Jeffco Schools Board of Education <board@jeffco.k12.co.us>

Sep 18, 2018, 9:55 AM

Members of the Board of Education received copies of your September 4 and13 email correspondence information shared with the community on our facilities deferred maintenance (Sept 4) and the First Amendment (Sept 13). I will provide a response to both issues, starting with the September 4 comments.

Exception can be taken that the use of the term ‘deferred maintenance’ to describe the needs of Jeffco Public Schools is erroneous.  Whether these needs are called deferred maintenance, deficiencies in educational adequacy, life cycle renewal, growth or replacement, the issue remains the same.  The district’s real estate portfolio has a value in excess of $2.8 billion and the annual capital investment is $20 million or 0.7% of the replacement value.  The industry norm for capital investment, is 2% to 4% of the portfolio value.

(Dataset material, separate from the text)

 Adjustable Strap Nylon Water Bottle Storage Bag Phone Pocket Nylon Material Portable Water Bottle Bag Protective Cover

The $1.3 billion was arrived at in the following manner.  The capital program is planned over two phases of five to six years per phase.  As of February 2018, the value of deficiencies as defined in the annual Summary of Findings is $588 million.  The proposed 2018 bond, valued at $567 million, will address about $250 million in deferred maintenance priorities 1-3; an additional $125 million towards educational adequacy, the balance in replacement facilities, growth accommodation through additions and new buildings, safety and security, and technology.

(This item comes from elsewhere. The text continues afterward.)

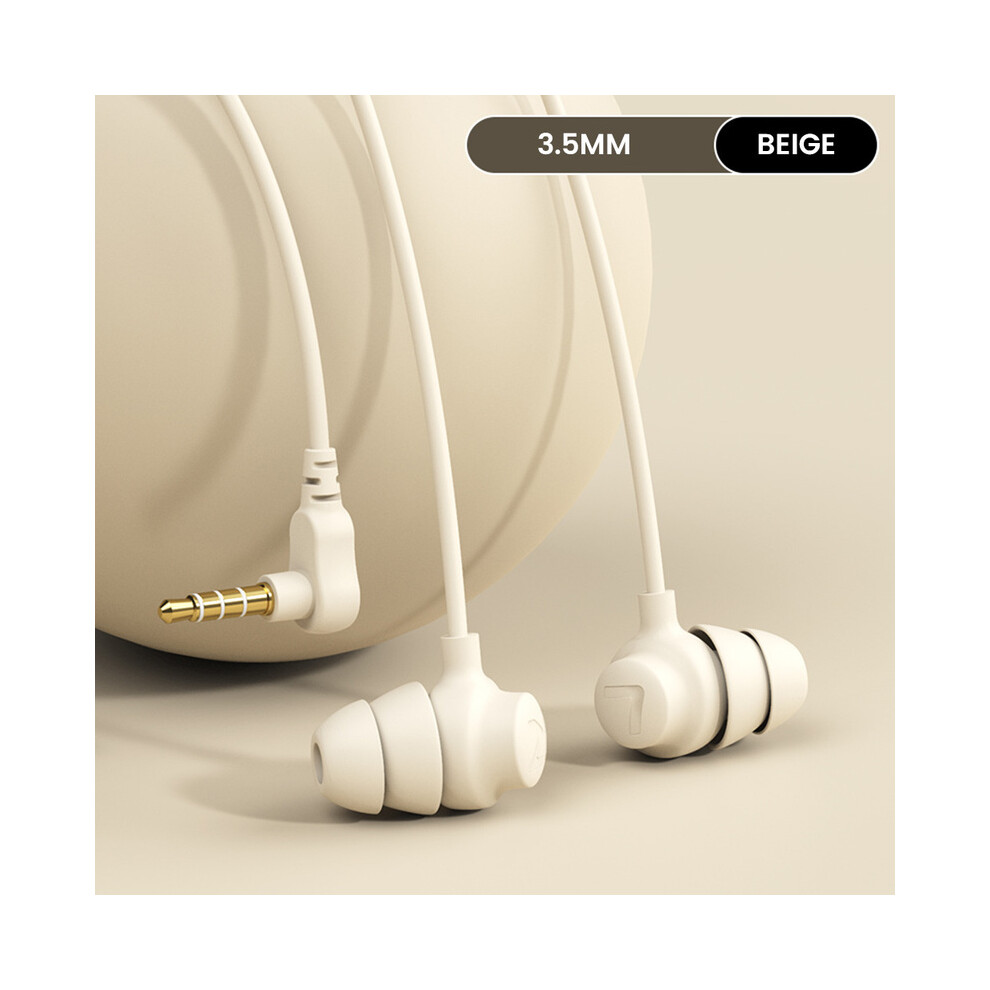 (Beige) S8 Elbow Wired Earphones Sleep In-ear 3.5mm Headphones Silicone Wire Headset-image-OPC-PDZM9NR-NEW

The investment in current deficiencies will be $375 million or 64% of the need.  Life cycle renewal is valued at $371.3 million in non-inflation adjusted dollars.  This amount continues to grow each year as systems and components reach the end of their life cycle requiring major investment or replacement.  In 2023, when the 2018 bond should be near completion, these items will have moved into the deferred maintenance categories.  The balance of deferred maintenance items not addressed by the proposed 2018 bond, in non-inflation adjusted dollars, will be $213 million in addition to the $371.3 million of life cycle work that have become deferred maintenance leaving $584.3 million in unaddressed deferred maintenance.

Summarizing, the 2018 proposal is valued at $567 million, a 2024 bond proposal valued in 2018 dollars would be $584 million or nearly $1.2 billion in 2018 dollars.  Applying even a modest inflation of 3% over six years, the cost exceeds the $1.3 billion value.

As a footnote, when construction ends on this bond in 2025 there will be fourteen elementary schools 70 years or older, nineteen elementary schools 60 years and older.  It is not unrealistic that one-third of these schools will require replacement, that value in 2018 dollars is $250 million and not part of the total above.

Thank you for providing me the opportunity to clarify the communications on the 2018 bond with you. We have information available to the public online through our homepage, jeffcopublicschools.org/futurefunding.